さて、今回は差押情報(見込み客)リスト内の案件の登記を調べて追客する際に、コストは安いが所有者名と所有者住所の2つしかわからない『所有者事項』の登記をあげればいいのか、それともコストは高いが所有者名や住所はもちろん、どこが差押さえたのか?ローンはいつ、いくら、どこで借りたのか?他の差押さえの有無、他にも不動産を持っているのか?(共同担保目録)、物件の大きさ、前所有者は誰か、その人がいつから所有しだしたのか?など非常に多くのことが読み取れる『全部事項』の登記をあげればいいのか?ということについてザックリと検証してみます。
不動産業者さんが任意売却案件の仕込み営業をするという前提で、見込み客リスト(差押情報)内の「処分の制限に関する登記」(差押さえ)で、見てみます。(以下の登記調査費用は登記情報提供サービスで調べた場合)

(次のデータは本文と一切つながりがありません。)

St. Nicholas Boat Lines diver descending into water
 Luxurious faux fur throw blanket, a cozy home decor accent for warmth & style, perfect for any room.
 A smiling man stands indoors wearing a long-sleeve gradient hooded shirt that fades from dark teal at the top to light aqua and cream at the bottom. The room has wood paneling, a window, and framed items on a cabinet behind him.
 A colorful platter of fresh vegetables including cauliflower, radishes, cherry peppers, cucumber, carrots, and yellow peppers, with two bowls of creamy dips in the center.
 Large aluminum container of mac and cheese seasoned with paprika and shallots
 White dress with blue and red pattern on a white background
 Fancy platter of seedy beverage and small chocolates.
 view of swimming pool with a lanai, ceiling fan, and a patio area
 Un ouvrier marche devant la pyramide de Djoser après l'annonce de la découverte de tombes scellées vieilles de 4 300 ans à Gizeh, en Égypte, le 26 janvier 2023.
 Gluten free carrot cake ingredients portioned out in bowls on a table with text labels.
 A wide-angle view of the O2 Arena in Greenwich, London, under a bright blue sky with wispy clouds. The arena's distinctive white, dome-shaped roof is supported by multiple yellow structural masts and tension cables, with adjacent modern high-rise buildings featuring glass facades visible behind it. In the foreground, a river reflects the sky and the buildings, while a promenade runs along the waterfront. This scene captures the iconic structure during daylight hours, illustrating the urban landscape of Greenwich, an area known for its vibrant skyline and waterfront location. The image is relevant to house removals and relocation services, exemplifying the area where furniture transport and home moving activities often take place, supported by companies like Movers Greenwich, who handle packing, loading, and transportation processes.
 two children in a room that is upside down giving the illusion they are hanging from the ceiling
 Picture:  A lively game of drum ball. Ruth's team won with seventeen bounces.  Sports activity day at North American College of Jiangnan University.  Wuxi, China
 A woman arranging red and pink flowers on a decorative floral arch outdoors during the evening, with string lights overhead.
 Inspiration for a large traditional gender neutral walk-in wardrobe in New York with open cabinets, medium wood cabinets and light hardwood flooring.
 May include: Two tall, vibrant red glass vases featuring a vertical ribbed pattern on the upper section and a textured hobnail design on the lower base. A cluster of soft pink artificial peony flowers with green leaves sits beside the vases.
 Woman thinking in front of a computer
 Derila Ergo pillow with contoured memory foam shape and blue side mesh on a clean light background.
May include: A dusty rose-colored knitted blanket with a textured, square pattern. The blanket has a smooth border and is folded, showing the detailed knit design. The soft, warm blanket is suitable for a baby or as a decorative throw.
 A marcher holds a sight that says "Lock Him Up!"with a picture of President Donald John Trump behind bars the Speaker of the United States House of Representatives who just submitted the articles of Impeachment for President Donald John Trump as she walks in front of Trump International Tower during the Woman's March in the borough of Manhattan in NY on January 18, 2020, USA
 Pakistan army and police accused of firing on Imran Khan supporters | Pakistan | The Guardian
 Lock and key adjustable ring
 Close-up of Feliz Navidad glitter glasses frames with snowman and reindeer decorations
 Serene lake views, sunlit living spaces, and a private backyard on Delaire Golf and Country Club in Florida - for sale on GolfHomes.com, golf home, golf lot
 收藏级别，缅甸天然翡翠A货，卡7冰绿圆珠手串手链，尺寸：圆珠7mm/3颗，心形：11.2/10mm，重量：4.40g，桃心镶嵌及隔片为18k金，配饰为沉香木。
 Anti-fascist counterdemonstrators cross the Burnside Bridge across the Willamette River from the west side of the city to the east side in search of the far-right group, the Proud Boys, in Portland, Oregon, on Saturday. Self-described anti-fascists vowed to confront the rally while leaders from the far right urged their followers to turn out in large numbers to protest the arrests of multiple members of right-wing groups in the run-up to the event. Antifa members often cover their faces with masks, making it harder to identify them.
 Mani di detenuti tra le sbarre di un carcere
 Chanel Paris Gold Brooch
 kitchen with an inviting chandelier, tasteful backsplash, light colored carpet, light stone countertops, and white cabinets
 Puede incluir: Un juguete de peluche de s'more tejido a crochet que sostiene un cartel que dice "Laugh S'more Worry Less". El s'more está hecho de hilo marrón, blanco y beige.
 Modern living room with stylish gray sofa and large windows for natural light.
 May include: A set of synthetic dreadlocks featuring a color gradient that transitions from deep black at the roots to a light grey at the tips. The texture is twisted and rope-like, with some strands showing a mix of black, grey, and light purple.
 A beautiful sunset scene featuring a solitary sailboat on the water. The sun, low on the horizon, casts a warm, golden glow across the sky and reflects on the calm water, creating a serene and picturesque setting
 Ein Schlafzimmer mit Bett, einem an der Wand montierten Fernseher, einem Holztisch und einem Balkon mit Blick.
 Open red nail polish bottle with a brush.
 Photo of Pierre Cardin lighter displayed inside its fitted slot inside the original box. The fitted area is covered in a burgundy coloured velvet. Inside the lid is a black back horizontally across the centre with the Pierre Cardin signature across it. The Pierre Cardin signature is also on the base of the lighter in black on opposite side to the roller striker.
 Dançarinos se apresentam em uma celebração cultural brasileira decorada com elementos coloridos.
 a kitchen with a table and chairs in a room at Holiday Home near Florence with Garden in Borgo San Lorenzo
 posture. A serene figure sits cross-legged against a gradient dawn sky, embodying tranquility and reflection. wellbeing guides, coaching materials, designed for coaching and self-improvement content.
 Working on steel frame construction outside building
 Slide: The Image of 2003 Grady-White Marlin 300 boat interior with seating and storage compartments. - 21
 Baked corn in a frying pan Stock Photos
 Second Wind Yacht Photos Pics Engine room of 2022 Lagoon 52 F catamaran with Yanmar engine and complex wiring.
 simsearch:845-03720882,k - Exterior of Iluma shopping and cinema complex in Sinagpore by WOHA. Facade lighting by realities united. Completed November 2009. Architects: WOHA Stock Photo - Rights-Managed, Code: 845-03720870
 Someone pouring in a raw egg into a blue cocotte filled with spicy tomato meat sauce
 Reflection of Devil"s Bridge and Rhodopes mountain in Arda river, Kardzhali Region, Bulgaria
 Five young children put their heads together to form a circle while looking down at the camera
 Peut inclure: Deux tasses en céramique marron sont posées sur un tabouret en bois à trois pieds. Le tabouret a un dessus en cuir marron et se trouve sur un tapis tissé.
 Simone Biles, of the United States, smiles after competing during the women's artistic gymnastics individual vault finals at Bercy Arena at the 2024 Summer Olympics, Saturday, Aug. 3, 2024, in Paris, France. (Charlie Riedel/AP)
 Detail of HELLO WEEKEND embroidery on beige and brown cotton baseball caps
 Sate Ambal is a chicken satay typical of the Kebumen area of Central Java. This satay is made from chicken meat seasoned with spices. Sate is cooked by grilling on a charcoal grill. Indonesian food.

大阪のある地区で平成24年3月分で見ますと、バッと数えただけですが、「処分の制限に関する登記」は約190件ほどありましたので、この190件を
『所有者事項』(1件あたり147円)を調べて追客する場合
リスト代(3月分) = 3,520円
調査費 : 190件 × 147円 = 27,930円
DM代 : 190件 × 120円 = 22,800円
(切手80円+紙2枚+封筒20円として)
合計 54,250円
『全部事項』(1件あたり397円)を調べて追客する場合
リスト代(3月分) = 3,520円
調査費 : 190件 × 397円 = 75,430円
DM代 : 190件 × 120円 = 22,800円
(切手80円+紙2枚+封筒20円として)
合 計 101,750円
『所有者事項』と『全部事項』との差額は 47,500円
このコスト差は、大きいですか?
また、詳しくは後日に私の体験記として、このブログで取り上げますが、私のおすすめは、何と言っても『全部事項』を調べることです。『所有者事項』の場合、『全部事項』に比べてコストが約半分ですので、たくさんのDMを(同じところへ2回~3回)打てるからと思いがちですが、一番のポイントとなるべき、
・どこが差押さえしたのか?
・差押さえは今現在も解除(抹消)されていないか?(リストが1~2ヶ月遅れの為)
が分からないので、DMを打つにしても、直接訪問するにしても、切り口が
「〇月に、なんらかの差押さえがされたと思うのですが・・・」
と、弱くて曖昧なアプローチになってしまいます。
又、営業マンが時間を割いて留守がちな日中に1軒1軒訪問しても、やっとの思いで会えた所有者から
「ああ、アレね。もう大丈夫だから結構です」
と言われると、「アレって何なのか?大丈夫なら、なんで差押さえされるまで放っておいたのか?」と営業マンとしては納得いかないまま、次の物件へ向うことに・・・。
ところが、『全部事項』の場合だと今回、どこが差押さえしたのかはもちろん、税金であれば、過去にも差押さえがあったか、あれば、差押さえされてからどれくらいの期間で解除(抹消)しているか、住宅ローンはいくら借りたか、借入先はどこか?などがわかるので、アプローチのやり方が、ズバッと的を得ているので話も聞いてくれ易いし、何よりも営業効率がダントツに良くなります。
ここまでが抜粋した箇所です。